Anderson Silva has been sitting at the top of the pound-for-pound rankings for quite some time, but don’t think his road to the top didn’t have a couple of bumps in it. Two of those bumps preceded his UFC 101 fight against Forrest Griffin.
Before facing Griffin at light heavyweight in the main event in Philadelphia, Pennsylvania, Silva had delivered two lackluster title defenses at middleweight. After one of those bouts, Silva’s UFC 97 bout against Thales Leites, UFC president Dana White said (via Cage Potato), “I’ve never been embarrassed of a UFC fight like I was in the main event tonight.”
After Silva’s performance against Griffin, that embarrassment was pretty much forgotten.
Going into the bout, Griffin was eight months removed from losing the UFC light heavyweight title to Rashad Evans. He was described by UFC commentator Joe Rogan as “the perfect type of fighter to be facing Anderson Silva.”
He wasn’t. Griffin proved to be no match for a motivated Silva.
The first minute followed the pattern that we have become familiar with for a Silva fight. Silva used the opening moments of the bout to gauge the movement, timing and distance of Griffin. When his mind had made all the required calculations, Silva dropped Griffin with a right hand.
After allowing Griffin to regain his feet, Silva flipped whatever switch he has that pushes him to a level on which few fighters can operate. Silva was all feints and movement as he walked Griffin down, moving in for the kill.

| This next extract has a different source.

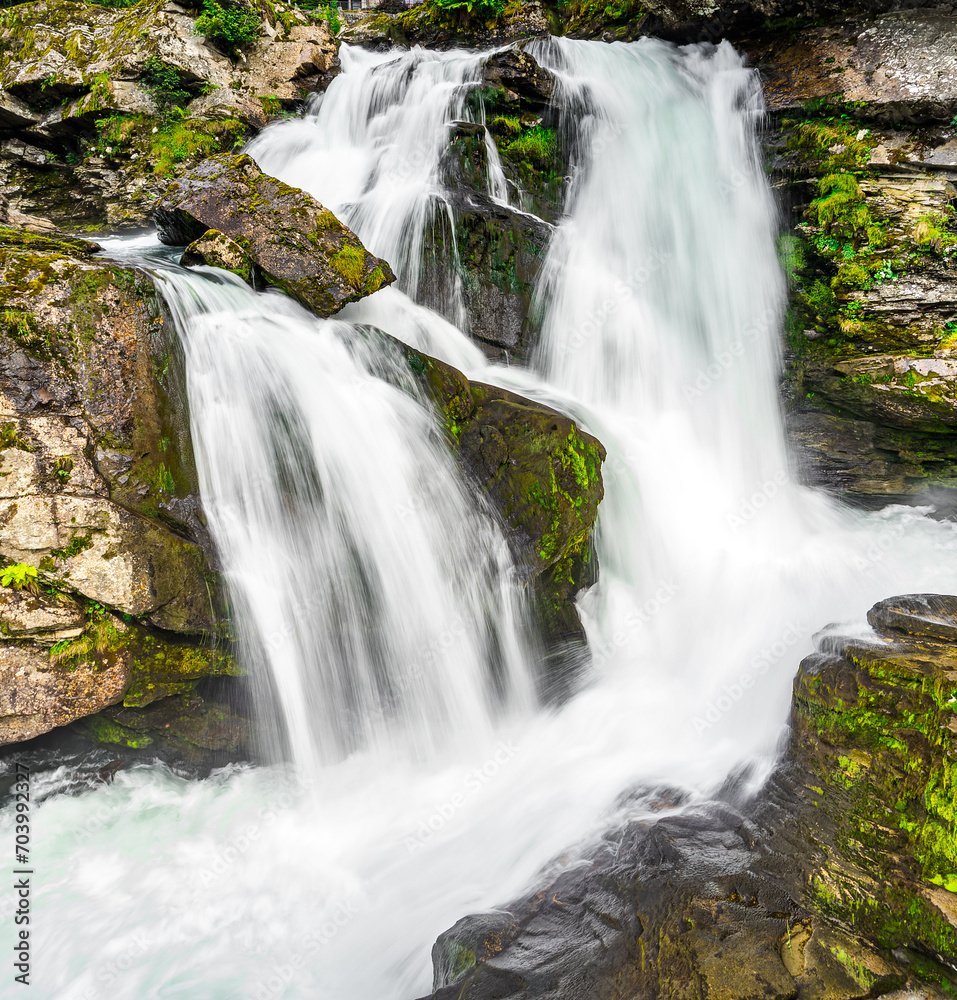 Wasserfall im Ort Geiranger Wasserfall im Ort Geiranger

Silva’s movements were almost like he knew where Griffin’s strikes were headed before Griffin even threw them. With 2:30 left in the first round, Silva’s hands were below his waist, as he showed no fear at all of Griffin.
Seconds later, Silva dropped Griffin with a left. Instead of swarming on Griffin, Silva allowed him to regain his feet, shaking hands with Griffin as he stood in front of him. By this time the seed had been firmly planted in Griffin’s head—he was not on Silva’s level.

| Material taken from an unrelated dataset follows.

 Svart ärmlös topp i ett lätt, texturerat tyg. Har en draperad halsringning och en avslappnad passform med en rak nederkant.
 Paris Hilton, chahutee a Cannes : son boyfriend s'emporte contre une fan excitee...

That fact became perfectly clear when the final strike of the fight was thrown. Silva, stepping back, threw out what looked like a lazy, slapping right jab. When the punch found its mark, Griffin dropped to his back and waved his hands in the air in his own “no mas” moment.
It was quite a performance from Silva, one that had White singing a different tune after the event (via Fox News): “He’s unbelievable, he’s the most talented guy in the world, the best fighter in the world pound-for-pound, period.”

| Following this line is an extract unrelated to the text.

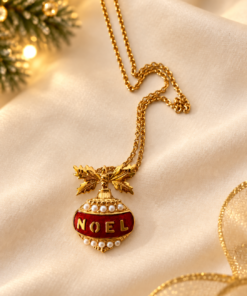 Vintage 1994 Avon “Noel” Christmas Pendant Necklace with Avon Box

The win earned Silva “Fight of the Night” and “Knockout of the Night” bonuses.
Silva’s next fight will take place at the middleweight limit. On July 6, Silva will look to defend his title for the 11th time when he meets Chris Weidman in the main event of UFC 162. Weidman will be the 17th opponent for Silva during his UFC career. Not one of those fighters has been able to secure a victory over Silva.